**Task item**: Whatever pictures the entries hold, omit them, and output exactly the lines from the one containing "tysdyzgs Montessori Left" through the final line.

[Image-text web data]
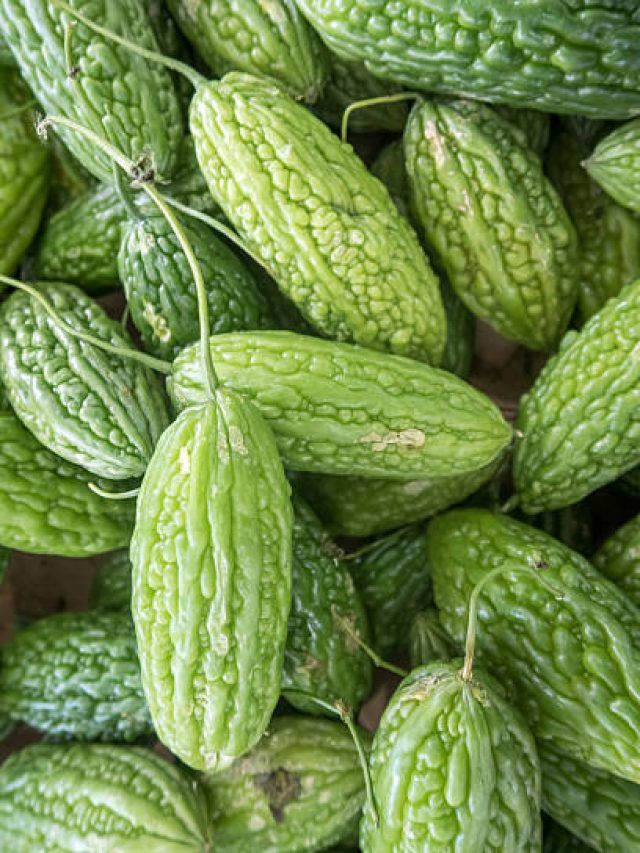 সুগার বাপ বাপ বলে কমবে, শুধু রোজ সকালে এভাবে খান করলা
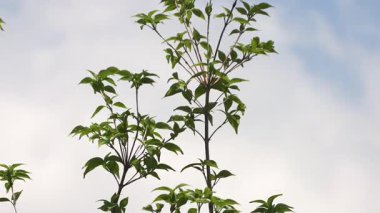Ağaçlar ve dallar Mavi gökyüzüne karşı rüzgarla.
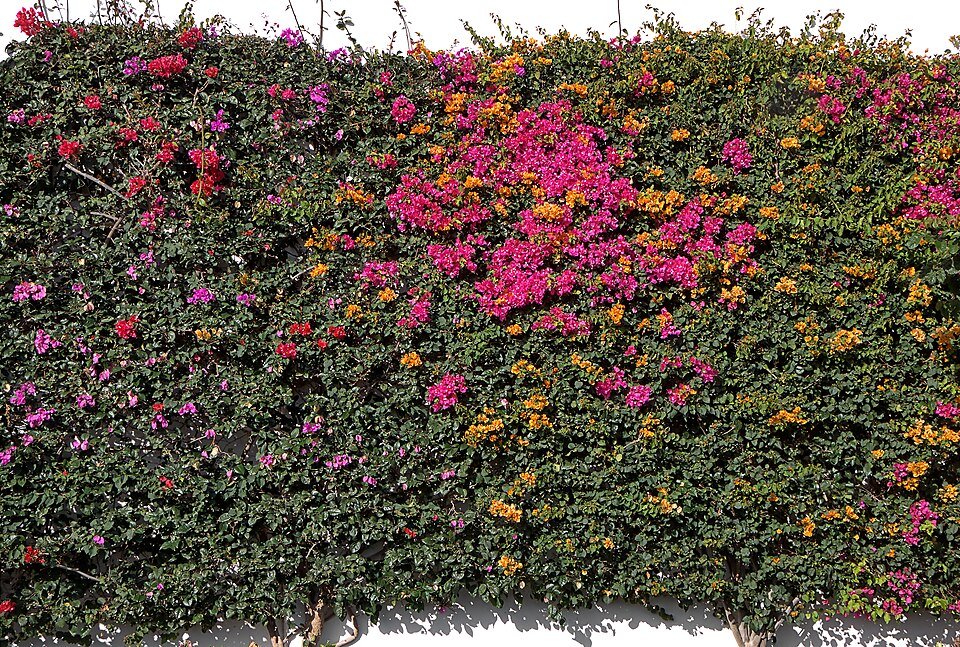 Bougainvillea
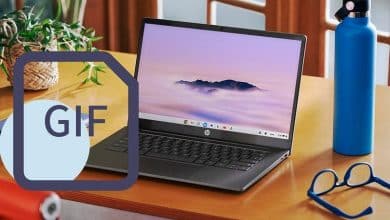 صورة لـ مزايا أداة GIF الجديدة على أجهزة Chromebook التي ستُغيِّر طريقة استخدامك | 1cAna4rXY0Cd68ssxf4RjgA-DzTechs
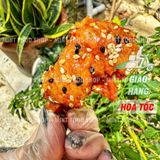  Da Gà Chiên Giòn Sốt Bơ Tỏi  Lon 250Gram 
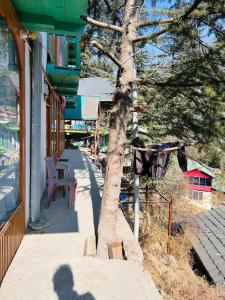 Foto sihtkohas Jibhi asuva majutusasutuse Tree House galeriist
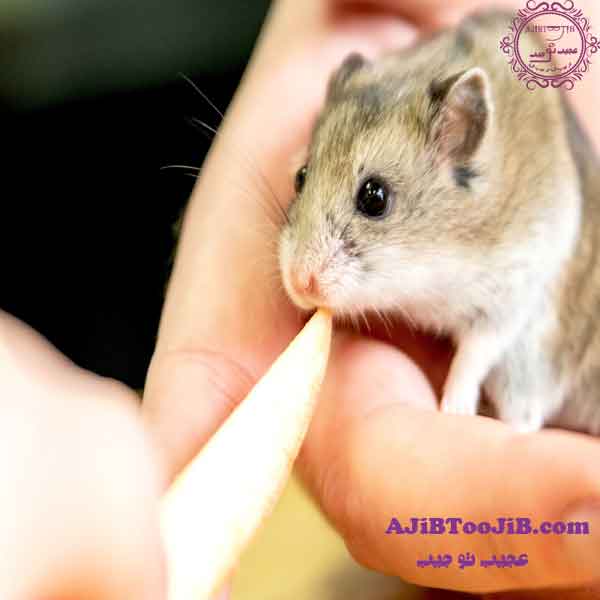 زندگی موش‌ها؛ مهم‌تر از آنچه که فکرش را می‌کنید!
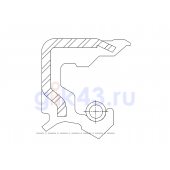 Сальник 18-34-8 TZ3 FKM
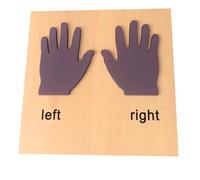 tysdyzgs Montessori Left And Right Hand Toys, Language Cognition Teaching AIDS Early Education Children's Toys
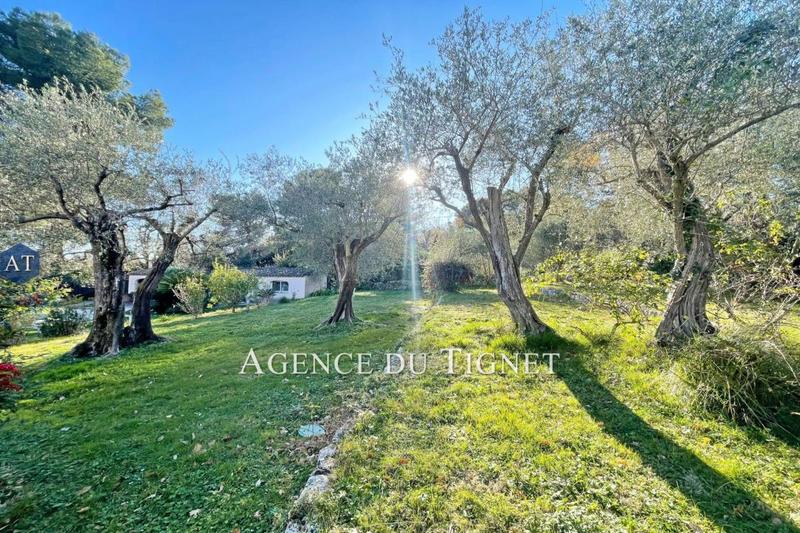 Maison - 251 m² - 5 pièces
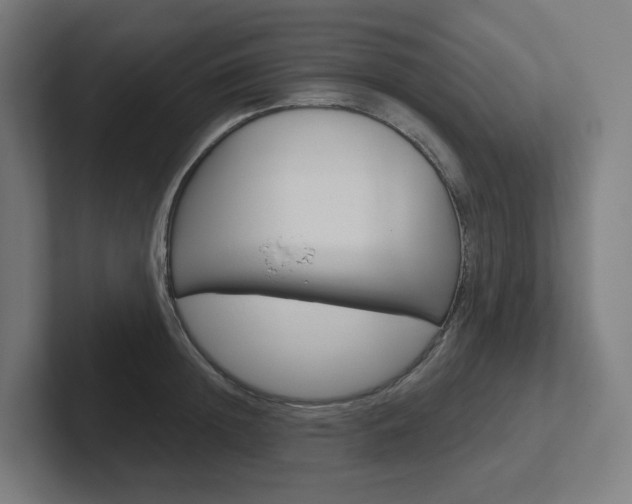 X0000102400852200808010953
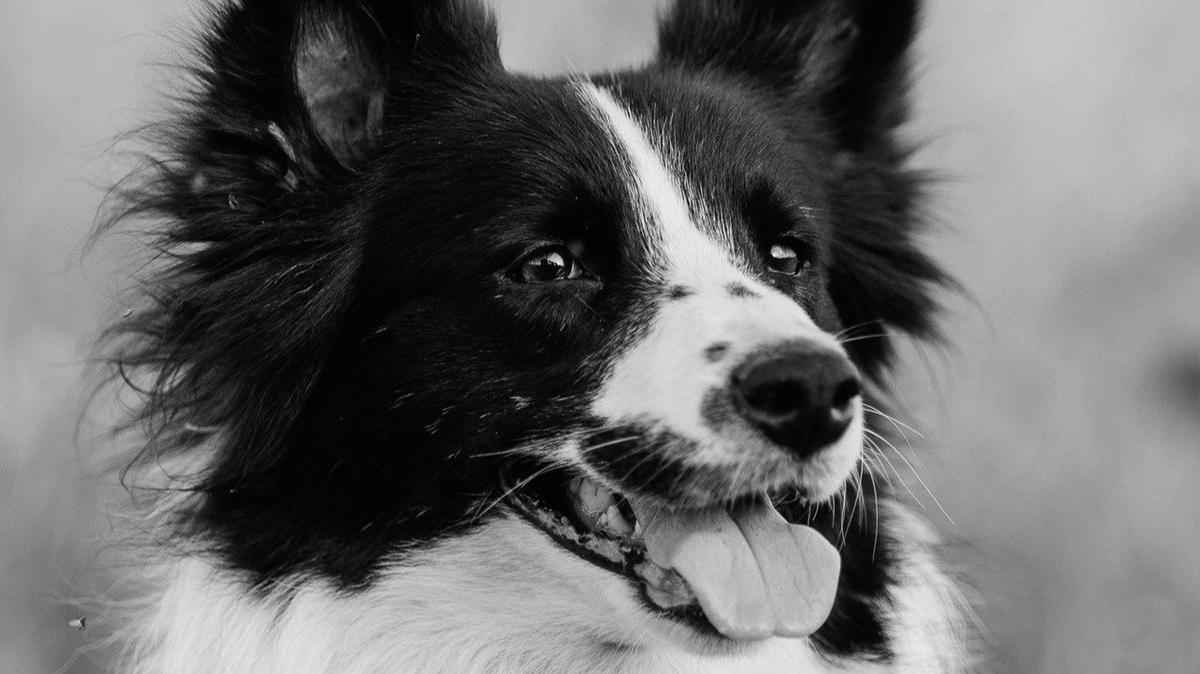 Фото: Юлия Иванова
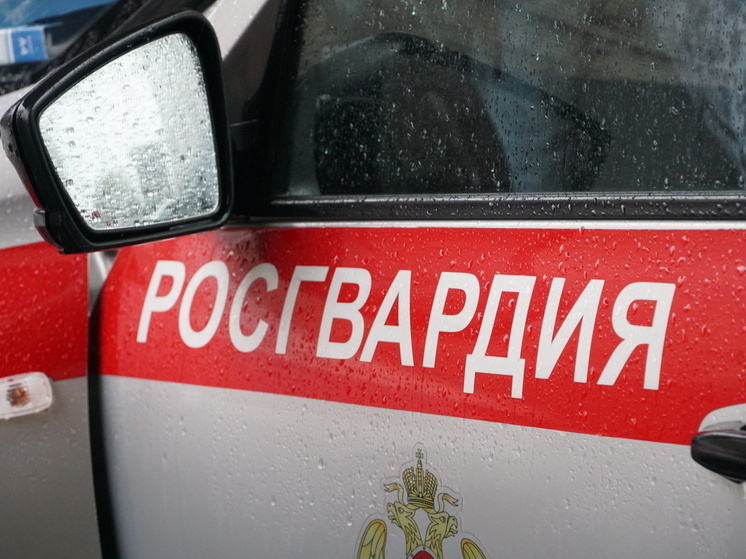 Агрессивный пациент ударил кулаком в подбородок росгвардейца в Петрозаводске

**Task output**:
 tysdyzgs Montessori Left And Right Hand Toys, Language Cognition Teaching AIDS Early Education Children's Toys
 Maison - 251 m² - 5 pièces
 X0000102400852200808010953
 Фото: Юлия Иванова
 Агрессивный пациент ударил кулаком в подбородок росгвардейца в Петрозаводске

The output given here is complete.